Luxury-home sales still slow
Two Aspen-area mansions sold in auctions Tuesday for significantly less than what they were listed for, driving home the point that property still has to be priced properly to move, even in an improving market, according to the head of a real estate firm in the thick of both transactions.
A 16,000-square-foot house at 1518 W. Buttermilk Road sold for $15 million, according to Craig Morris, the listing broker and a partner in Aspen Snowmass Sotheby’s International Realty.
The house, built in 2007, had been on the market for five years at a listing price as high as $43.8 million, Morris said. Numerous offers were made in the mid- and upper-$20 million range, he said, but the seller declined them.
Tuesday’s auction for the house opened with a minimum bid set at $15 million, according to Morris. The buyer wasn’t disclosed at the auction; the buyer’s broker was Michael Perau, of Aspen Snowmass Sotheby’s.

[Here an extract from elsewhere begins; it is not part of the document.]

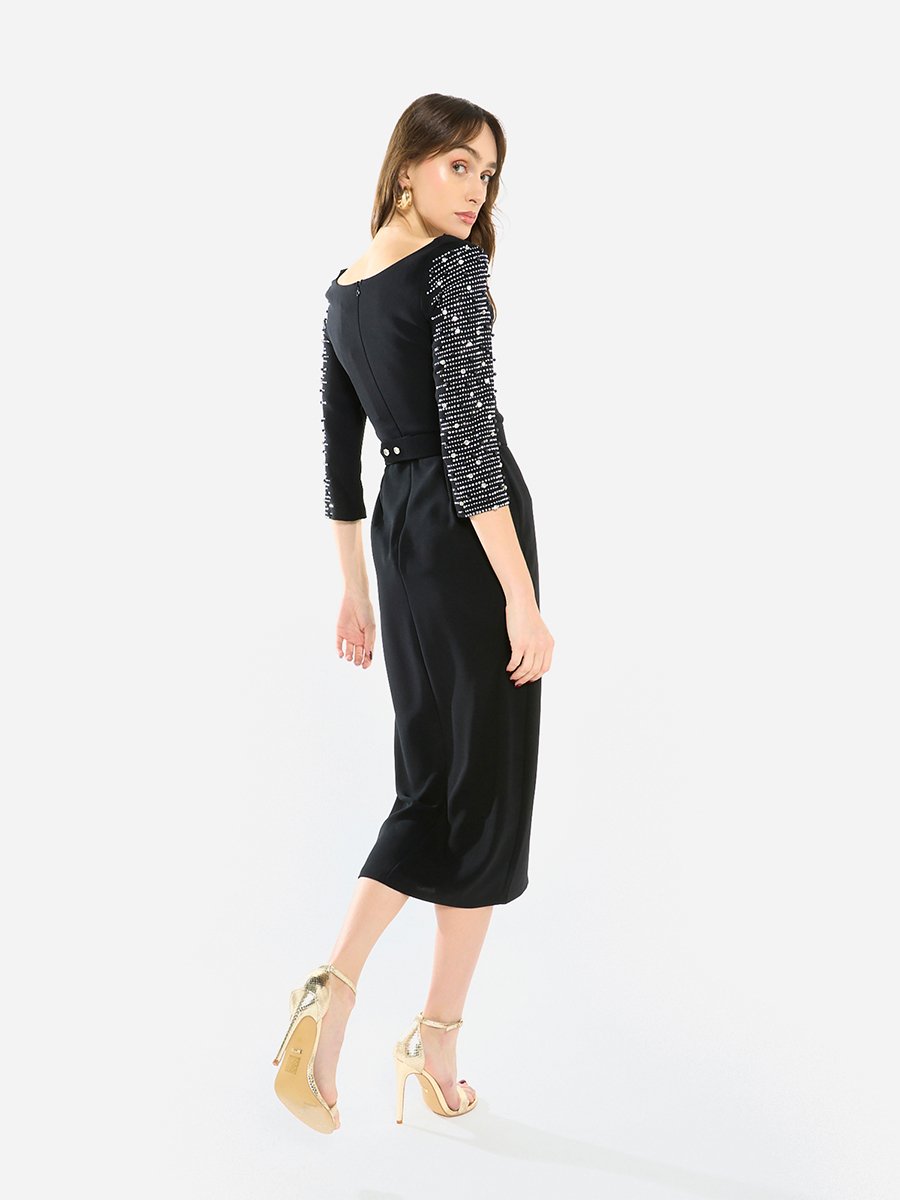 Women Embellished Sleeve Midi Dress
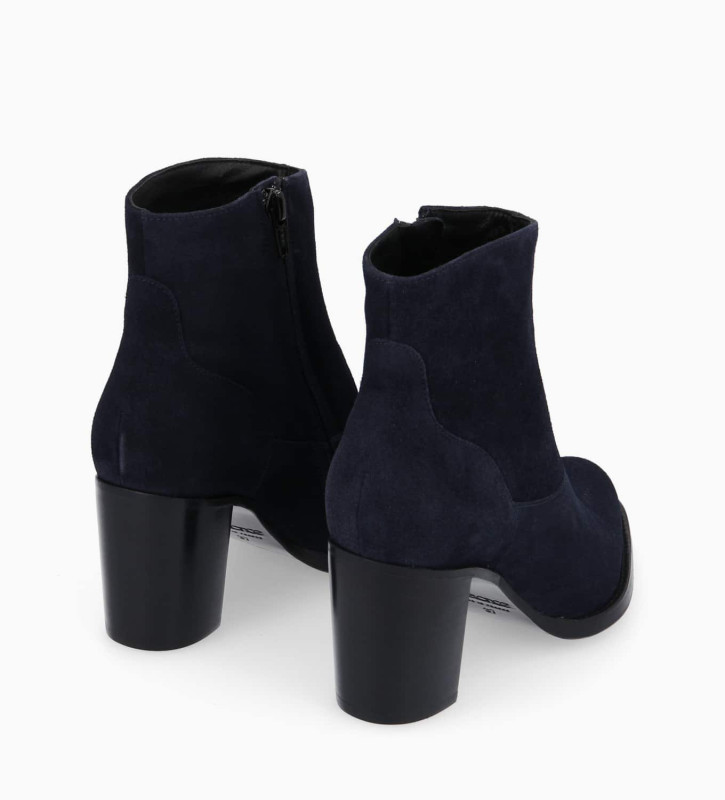 Free Lance Legend 70 Bottine à Talon à Zip Cuir Velours Marine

In another multimillion-dollar deal, a home at 1121 Red Mountain Road was offered in an auction Tuesday with no minimum bid. The bidding started at $5 million and “within 60 seconds went to $7.5 million before it cooled down,” Morris said. The final price was $9.75 million plus a 10 percent buyer’s premium, he said.
The house, which was listed by Joshua and Co., had been listed for $20 million. The buyer’s broker was Mark Haldeman, of Aspen Snowmass Sotheby’s.
A third auction Tuesday didn’t result in a sale. A house at 170 Clay Lane in East Owl Creek was listed for $58 million. There was a minimum bid set of $17.5 million, but there were no bidders, according to Morris, who has the listing on the house.
Morris said some sellers are trying to use auctions to bring closure to their efforts to sell their houses.
“I think the auction is a way for the seller to realize an absolute sale date,” he said.
Eliminating a minimum bid is a tactic some sellers use to bring as many bidders to the table as possible.
“You get a lot of people showing up thinking they can steal it,” Morris said.
While he characterized the upper valley’s real estate market as “reasonably good,” the segment of the marketed priced above $10 million has been “particularly slow.”
The first half of 2013 ended with total sales of $520.94 million in Pitkin County. That was down 12 percent compared with the first half of 2012.
The fourth quarter of 2012 was sizzling as sellers tried to close deals before changes to taxes and capital-gains rules. That’s siphoned off some sales that would have occurred this year, Morris said. He’s optimistic for the remainder of 2013 because the amount of showings of property for sale has increased and demand seems to be building.
Tim Estin, a real estate broker with Coldwell Banker Mason Morse, noted that the Aspen market has stabilized, in part, because the inventory has dropped in recent years.
“The Aspen real estate market has certainly improved since the dark days — 2nd Quarter of 2010 — of the recession, but not on an upward trajectory as expected,” he wrote in his Estin Report, a quarterly summary of the upper valley’s real estate activity.
“Sellers are expecting higher prices because of the national real estate trends,” Estin said, “but buyers don’t see the comparable sales to support the price increases the sellers expect.”